Despite a warning from the Minister of Finance on its impending implementation, neither the Trinidad and Tobago Electricity Commission (T&TEC) nor the Minister of Public Utilities know exactly when the public will have to pay more for electricity.
This is largely because the Regulated Industries Commission (RIC) is still in the process of completing the price review process for T&TEC.
Yesterday, T&TEC general manager Curvis Francois told Guardian Media, “What they (RIC) indicated is that they have to submit it (the final report) to the Government and I think they may have done it already, I am not sure, but the Government will basically indicate to us through our line ministry whenever that time comes for the determination to be put into effect.”
Francois did not want to speculate on any possible timelines but said whatever is recommended and approved will be implemented soon after.
“It is urgent because currently, for every kilowatt-hour that we sell, we actually lose roughly about 13 cents,” Francois explained.
Minister Colm Imbert, during his 2024 Budget presentation, explained that T&TEC could not even pay for natural gas at current rates, and this costs the National Gas Company over $500 million annually. Compounding that was a debt of $1.4 billion owed to T&TEC by the State, which was revealed by Minister Marvin Gonzales in May this year.
Francois said the final determination from the RIC may already be in Minister Gonzales’ hands for approval.
However, contacted yesterday, Gonzales said, “They (RIC) have not notified me. All I was told is that the review has reached an advanced stage.”
Guardian Media yesterday asked the RIC when the process would be completed.
It responded, “The RIC continues to work on the completion of its Price Review Process for T&TEC, as it continues to ensure the final determination document is fully representative of its extensive research, comments received and comprehensive review of all information collected. At this time, the RIC does not have a specific date for the completion of this exercise and will inform the public when it is ready to release its final determination for the electricity transmission and distribution sector for the period 2023-2027.”
This answer was similar to the one given by the RIC in August.
The RIC said the document will thereafter be sent to T&TEC, which will be guided by the RIC’s decisions.
It also revealed to Guardian Media that water rates were also under scrutiny.
“The RIC is focusing on completing the T&TEC price review while simultaneously doing readings and research on the water and wastewater sectors,” it stated.
The RIC made public its proposed changes to T&TEC rates in December 2022, and the increases ranged from 15 per cent to as high as 64 per cent for residential customers based on kilowatt consumption. Commercial customers faced percentage increases ranging from 51 per cent to 63 per cent.
Since then, the RIC has held 15 consultations throughout the country. People who participated fiercely rejected the move, saying the cost of living was already high.
The Joint Trade Union Movement (JTUM) echoed concerns about rate hikes yesterday, saying it was disappointed with what was said by Minister Imbert on public utilities.
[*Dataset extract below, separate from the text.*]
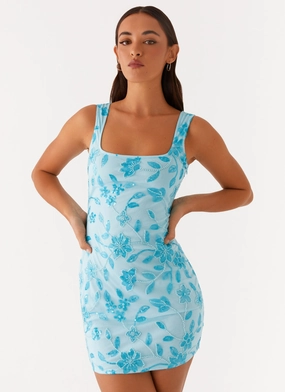 Starlina Square Neck Beaded Mini Dress - Blue slim fit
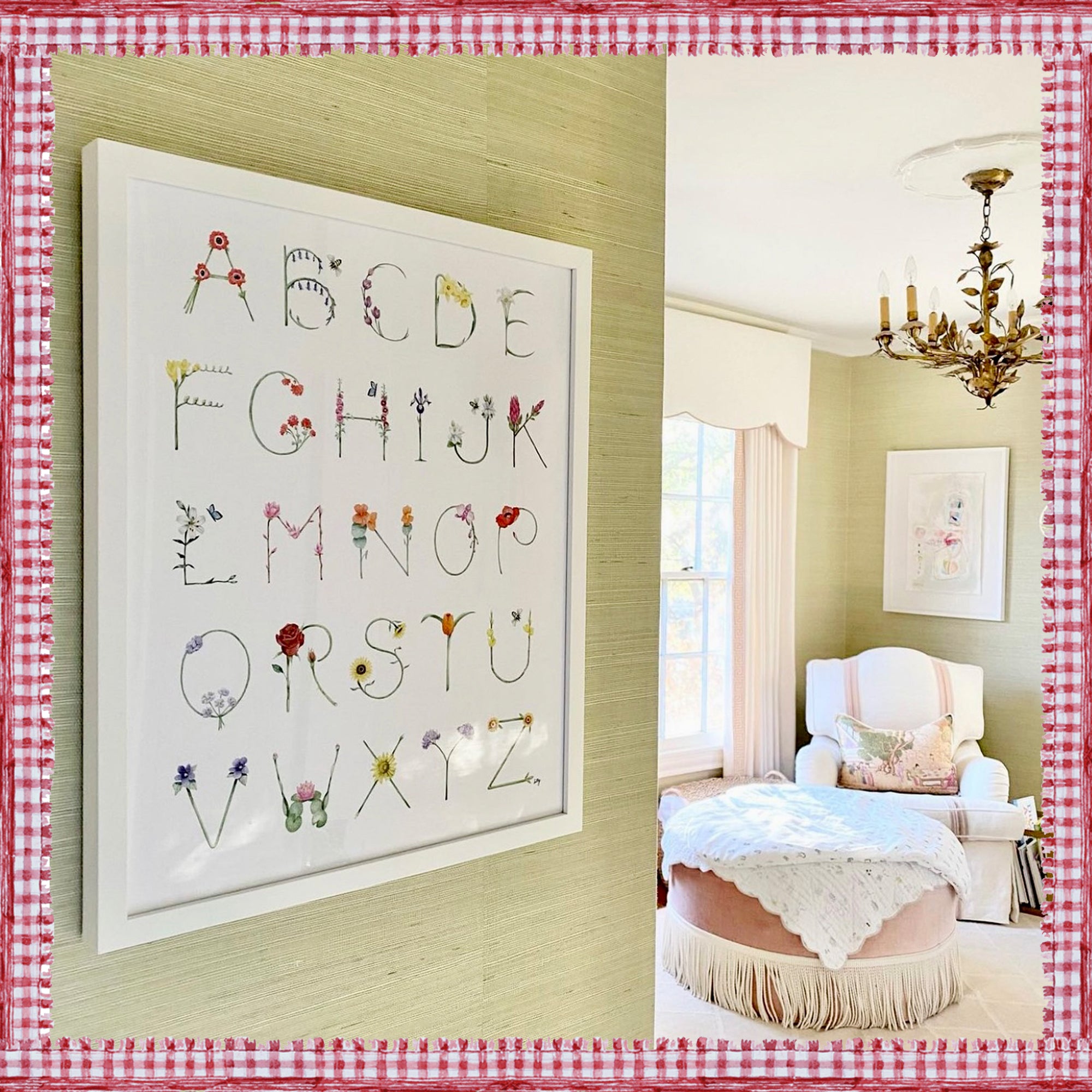 Flower Alphabet White Frame by The Letter Nest installed in a beautiful nursery with green grasscloth wallcovering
General secretary Ozzi Warwick said, “We thought the Government would have announced that they were going to review the onerous power purchase agreement that they have with these independent producers of electricity. So that these independent producers pay NGC for the gas that they are using. The other thing we hoped we would have heard is the Government willing to do good on the monies that they owe T&TEC, around $1.3B. If those were addressed, then T&TEC would have been in a more favourable financial position to deliver on its mandate to provide a public good for this country.”
Warwick said Imbert needed to be reminded that a utility service should be people and not profit-centred.
“Why are you increasing on ordinary people...,” he posited.
He added that not enough was said about the struggles of T&TEC’s workers.
“We would have thought we would have heard that the minister would have announced what is being put in place for the safety and security of these workers who are clearly risking their lives to ensure a reliable supply of electricity, and this goes for the WASA and TTPOST workers,” Warwick said.
However, in the 2024 State Enterprises Investment Programme, $69.22m has been allocated for upgrading T&TEC’s security and protection infrastructure while $98.12m is for upgrading equipment and facilities.